Since 1995, China has restructured its pension system by combining the old PAYGO system with a funded system relying on individual savings accounts. That policy change is based on economic theories and other countries' experiences. In 1958, Paul Samuelson showed that an unfunded PAYGO system has a rate of return equal to the growth of aggregate red wages. However, he assumed there is no capital stock in the economy. Once we recognize that actual economies have capital stocks and that the marginal product of capital can exceed the growth of aggregate wages, we realize that a funded system can be more efficient than a PAYGO system. Consequently, for the same level of pension benefits, the required saving rate in a funded system is much less than the tax required in an unfunded system (Feldstein 2000).

Lessons from Western countries 'also show that a national social security program with a PAYGO system is unsustainable. Declining fertility rates, rapidly aging populations, and the incentive problems embodied in a PAYGO system have led to huge unfunded liabilities. As a result, many Western governments must either raise payroll tax rates or reduce promised benefits, or a combination of the two, to keep their PAYGO programs solvent. Rather than continue to increase taxes or reduce benefits, some countries are shifting from a PAYGO to a funded system.

China's rapidly aging population, strong economic growth, and high return on capital mean that a funded pension system would be more efficient than a PAYGO system (Li and XU 1996). Yet, there are many problems in implementing the new Chinese pension system. The root problem is the lack of a well-designed transition plan that bridges the old system and the new one. In this study, we analyze the transition problem and provide a simple solution. We argue that the combination of Chinese families' emphasis on education, strong economic growth into the foreseeable future, and the current lack of income smoothing at the individual level makes borrowing now and taxing future generations a fairer and more cost-effective way to finance the transition cost.

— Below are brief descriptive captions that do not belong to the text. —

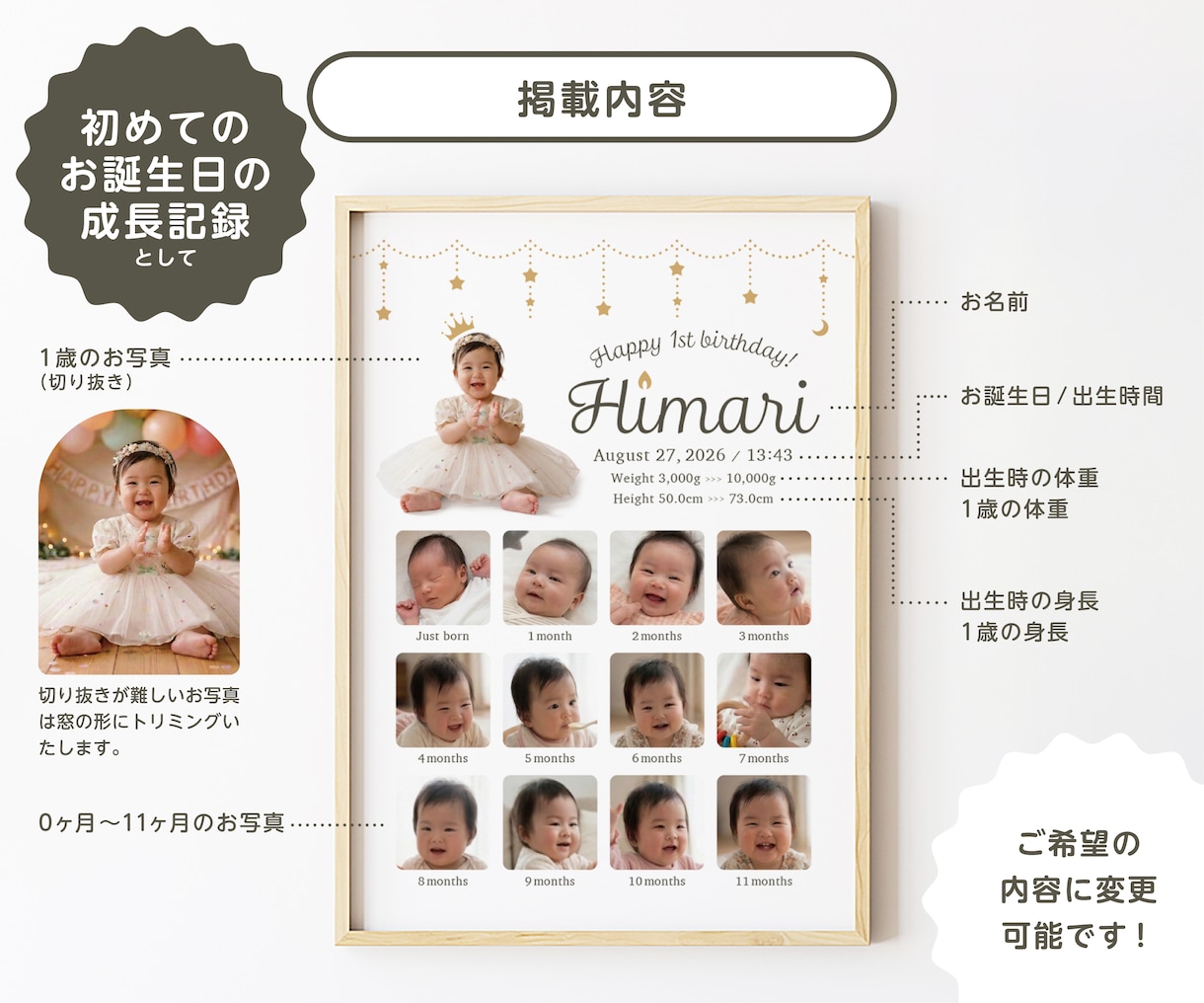 1年間の思い出を1枚に。記念フォトポスター作ります 印刷対応◎（A4）／記念品やプレゼントにもおすすめ♪ イメージ2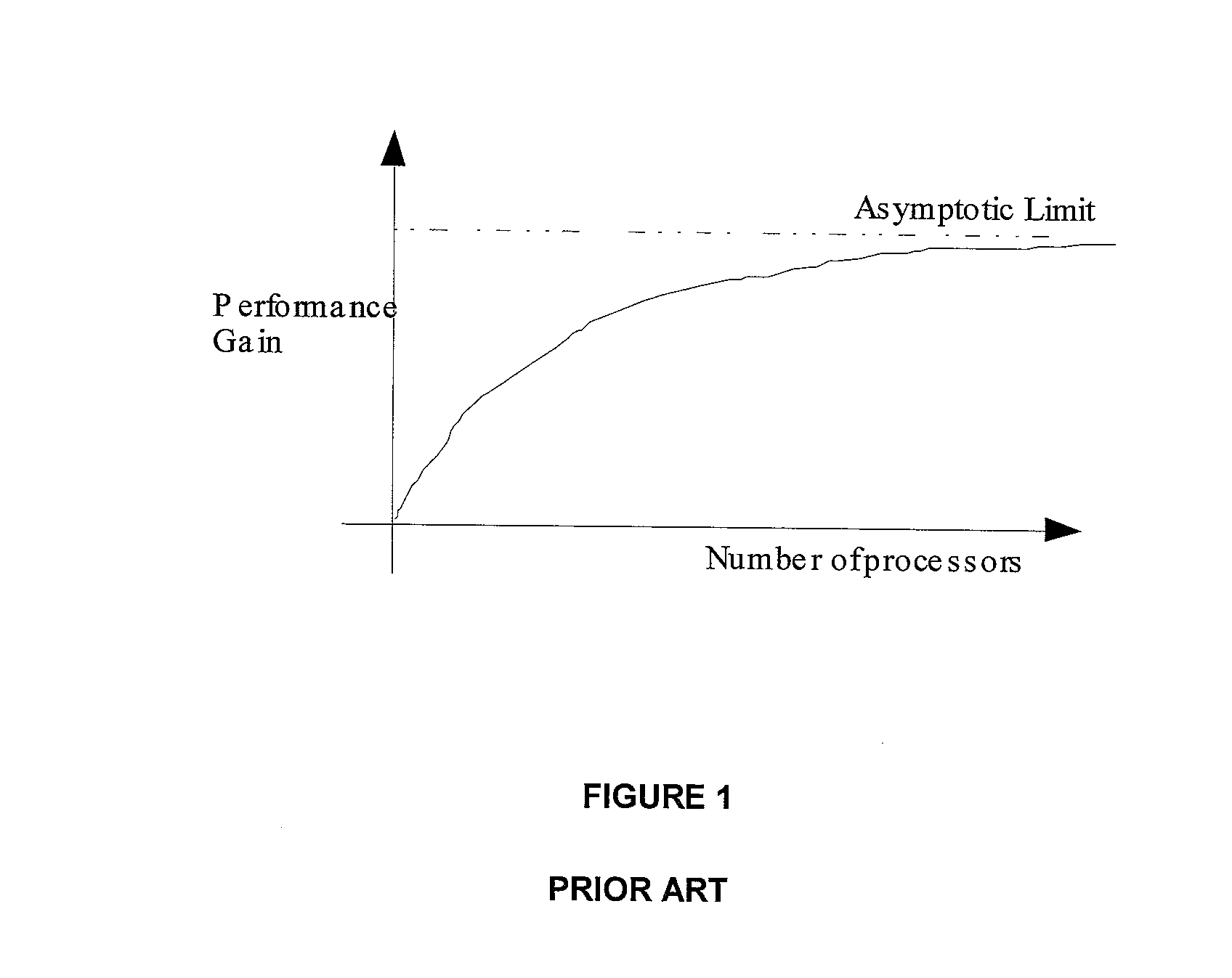 Scalable work load management on multi-core computer systems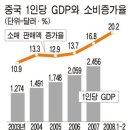 08/03/26일[중국은 지금]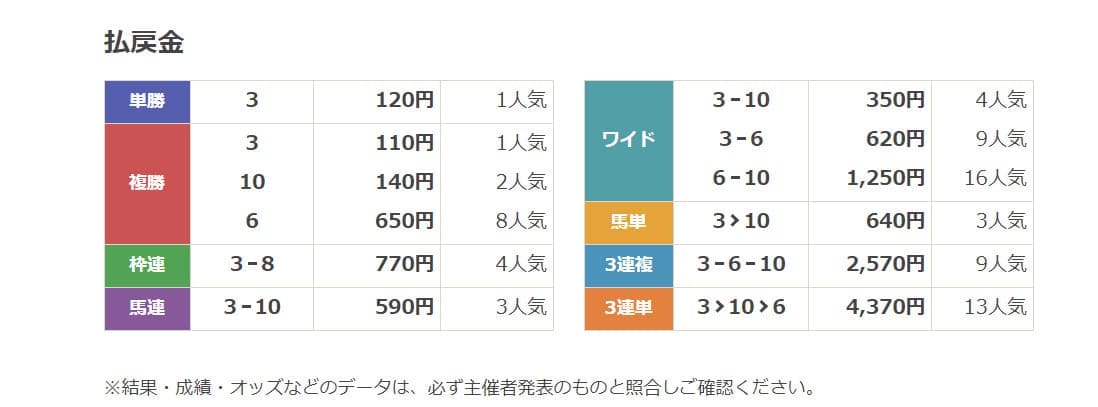 競馬365　無料結果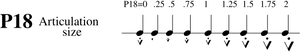 Code1-p18.svg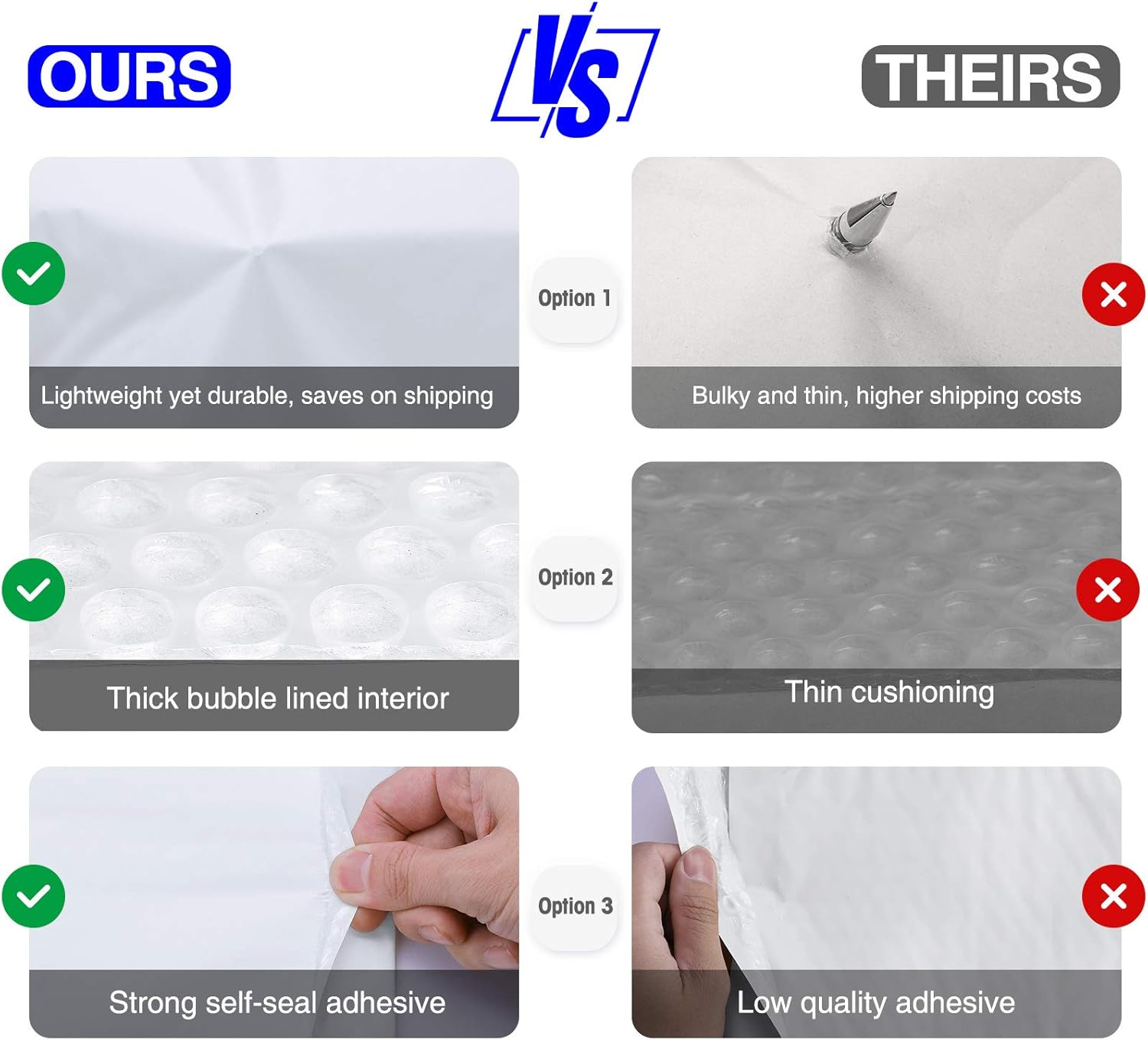 Metronic 50Pcs Poly Bubble Mailers, 6X10 Inch Padded Envelopes Bulk #0, Bubble Lined Wrap Polymailer Bags for Shipping/ Packaging/ Mailing Self Seal -White : Office Products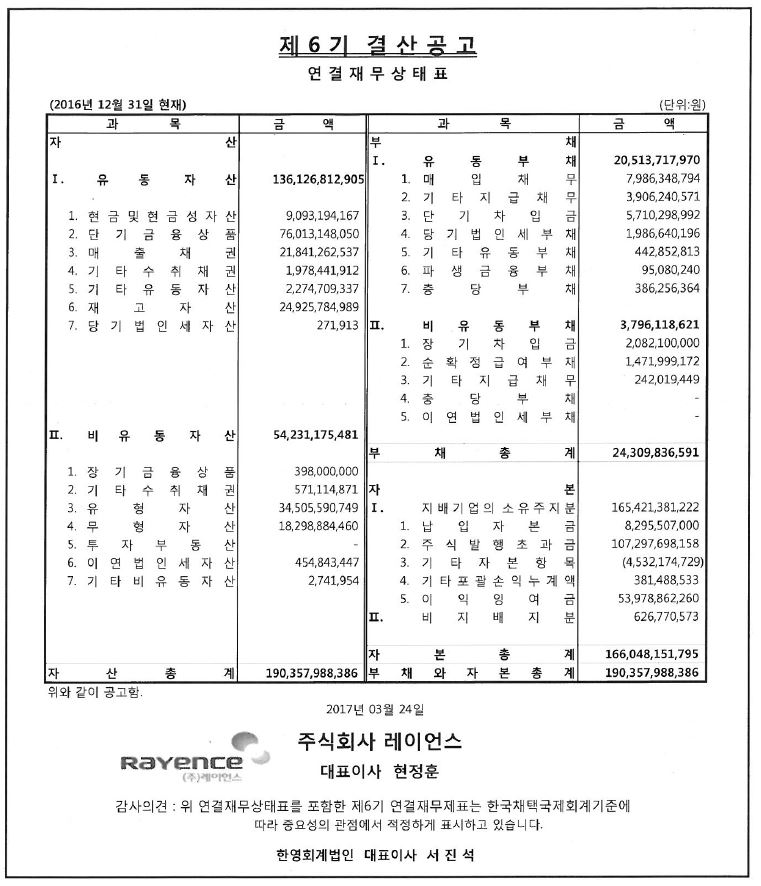 제6기 결산공고_연결재무상태표.JPG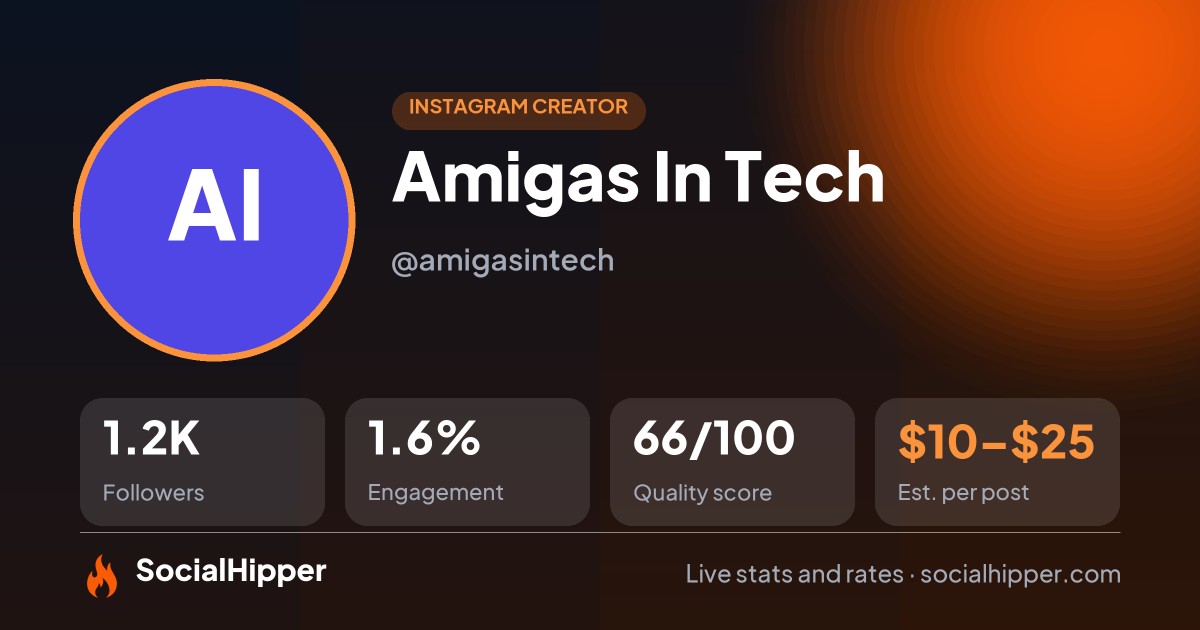 Amigas In Tech Instagram stats on SocialHipper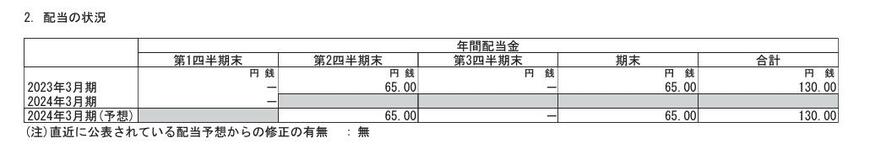 出所：双日株式会社 2024年3月期 第1四半期決算短信[IFRS]（連結）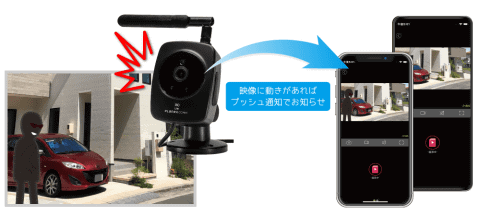 Amazon.co.jp: Planex 防犯カメラ スマカメ2 LTE対応モデル(防水/防塵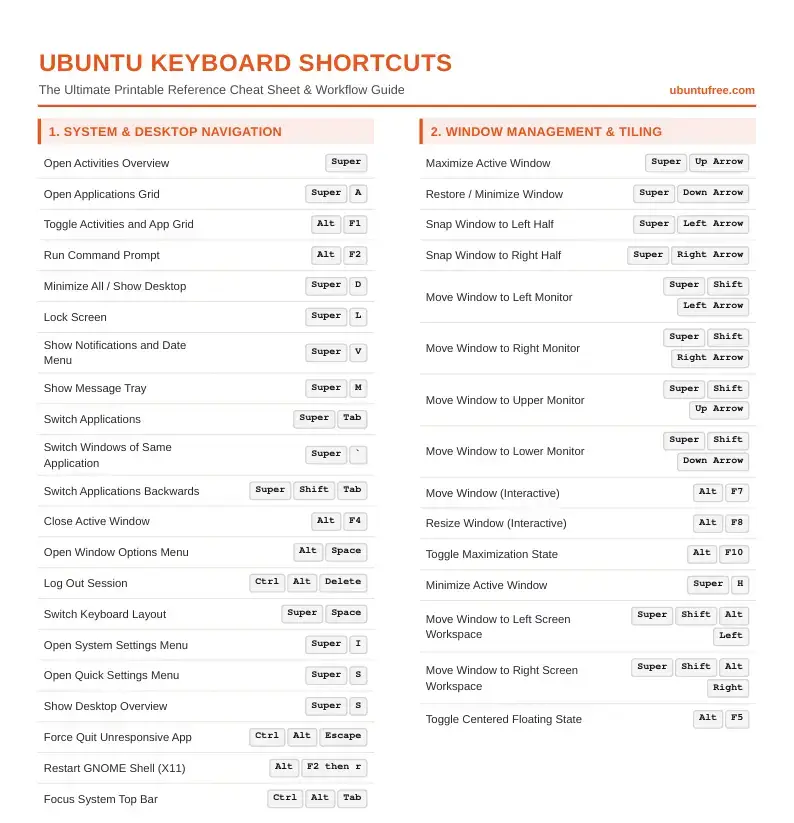 Ubuntu Keyboard Shortcuts PDF Preview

The Dismal State of China's Pension Reform

The long-standing debate on China's pension crisis eventually reached a consensus that China should establish a partially funded pension system. That consensus is embodied in the existing government reform program that aims to establish a three-pillar system. The first pillar is a PAYGO pension financed by pooling funds citywide. The second pillar is a system of individual savings accounts funded by both employees and employers. The third pillar is a supplementary pension funded by employers.

Although China's pension reform is reasonable, its implementation has been dismal. There are three major problems. First, there is widespread payroll tax evasion. According to China's Ministry of Social Security, the deficit of the social pooling funds has been deteriorating. In 1999, the deficit was RMB 18.7 billion, and in 2000 the deficit was nearly RMB 35.7 billion. If the current situation persists, the accumulated deficit will reach RMB 1,800 billion in 25 years. …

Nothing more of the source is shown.